WHAT THE EXERCISE ASKS: Print the entries underneath word for word, omitting whatever pictures they contain.
• • •
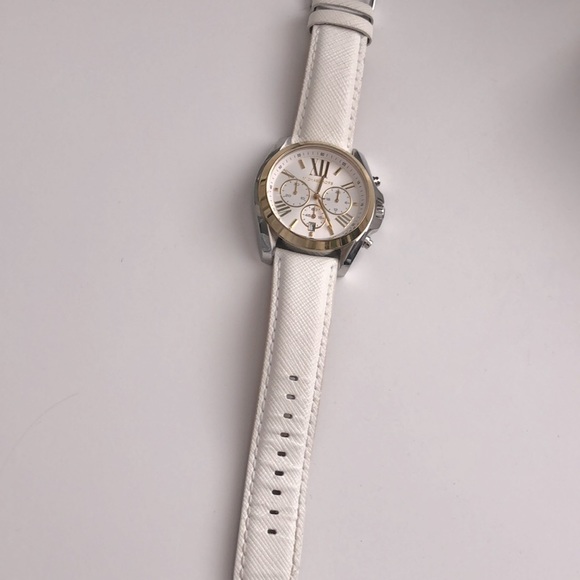 Michael Kors Genuine Leather Watch (White, Gold, Silver) - Picture 5 of 7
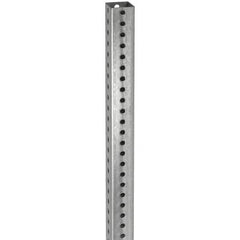 TAPCO - 12' High, Galvanized Traffic Sign Post - Steel, 7/16" Hole Diam, Silver - Exact Tooling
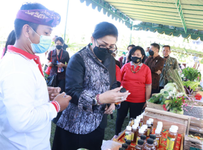 Putri Koster Kunjungi Gebyar Pasar Murah BKOW Provinsi Bali BKOW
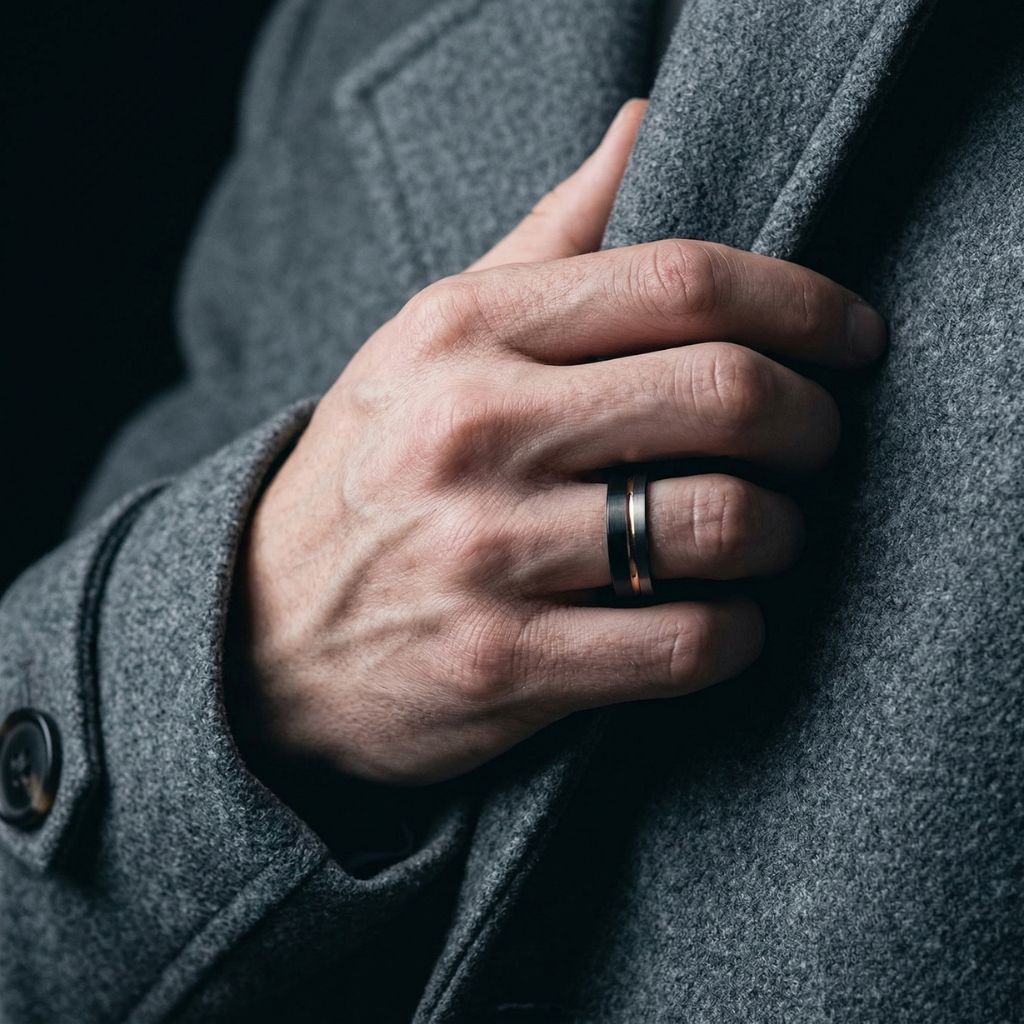 Stonehaven II - Tungsten 6mm Wedding Ring Black and Silver Brushed with Rose Gold Accent - view 7 - Nura Lab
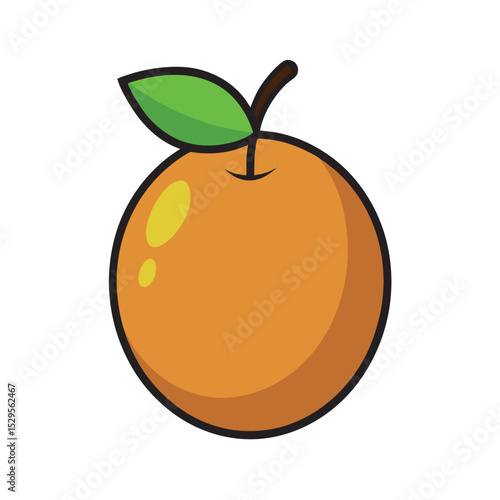 Sapodilla Fruit With Stem Outline Vector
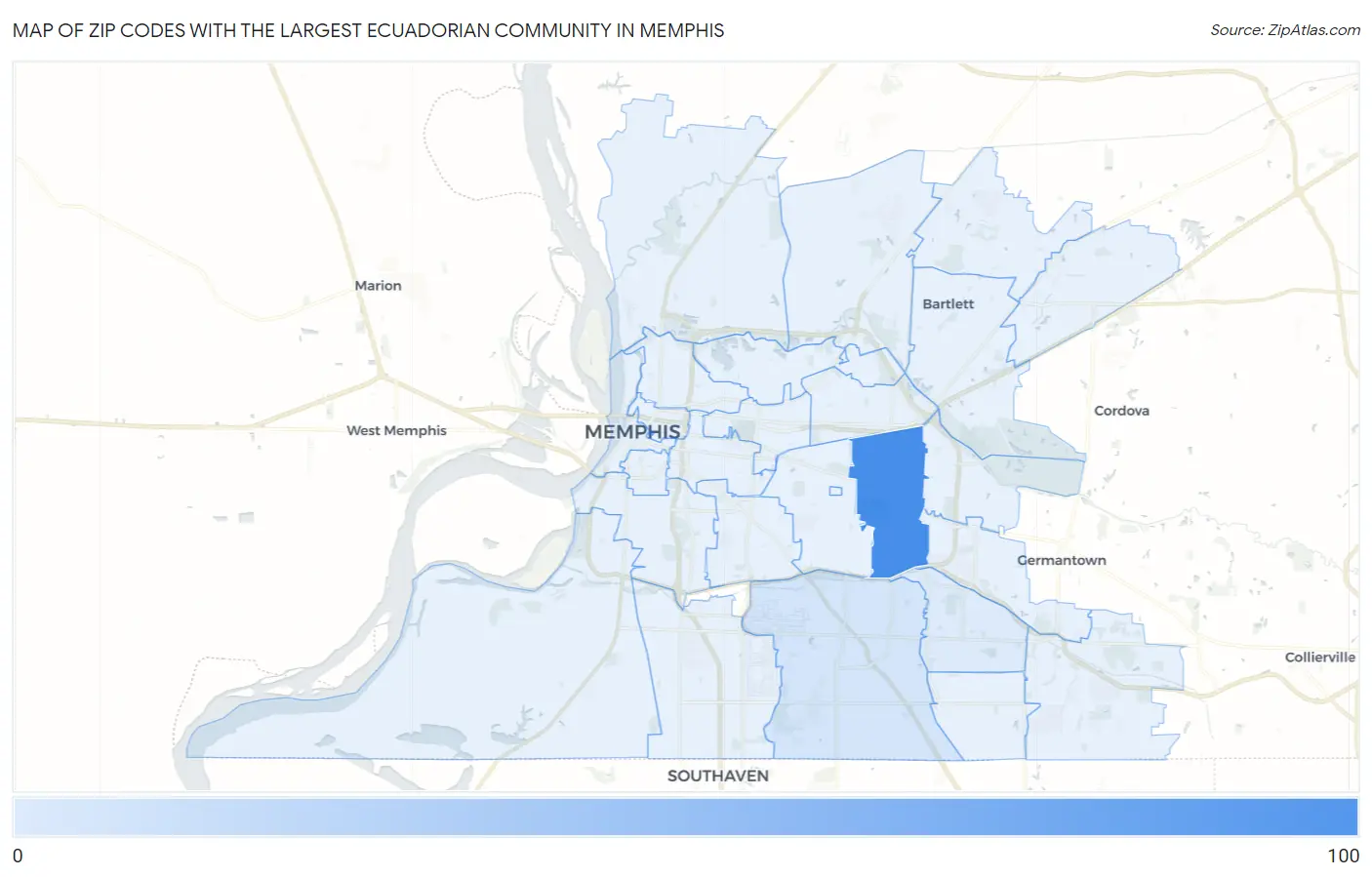 Zip Codes with the Largest Ecuadorian Community in Memphis Map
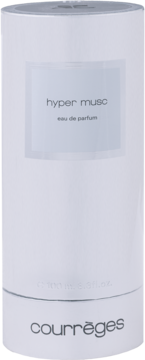 Courrèges Hyper Musc, białe, cylindryczne opakowanie wody perfumowanej unisex, z szarą etykietą, widok z przodu.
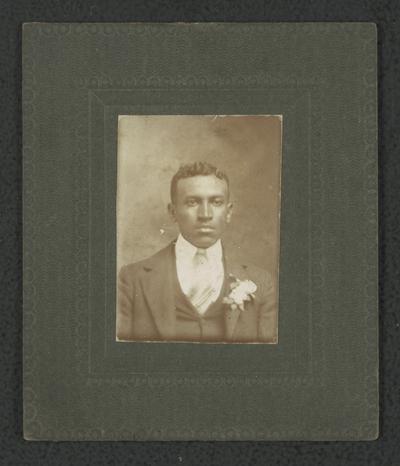 Portrait of S. Dean, note on back reads for my classmate, miss M.J. Allen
• • •
COMPLETED EXERCISE:
 Michael Kors Genuine Leather Watch (White, Gold, Silver) - Picture 5 of 7
 TAPCO - 12' High, Galvanized Traffic Sign Post - Steel, 7/16" Hole Diam, Silver - Exact Tooling
 Putri Koster Kunjungi Gebyar Pasar Murah BKOW Provinsi Bali BKOW
 Stonehaven II - Tungsten 6mm Wedding Ring Black and Silver Brushed with Rose Gold Accent - view 7 - Nura Lab
 Sapodilla Fruit With Stem Outline Vector
 Zip Codes with the Largest Ecuadorian Community in Memphis Map
 Courrèges Hyper Musc, białe, cylindryczne opakowanie wody perfumowanej unisex, z szarą etykietą, widok z przodu.
 Portrait of S. Dean, note on back reads for my classmate, miss M.J. Allen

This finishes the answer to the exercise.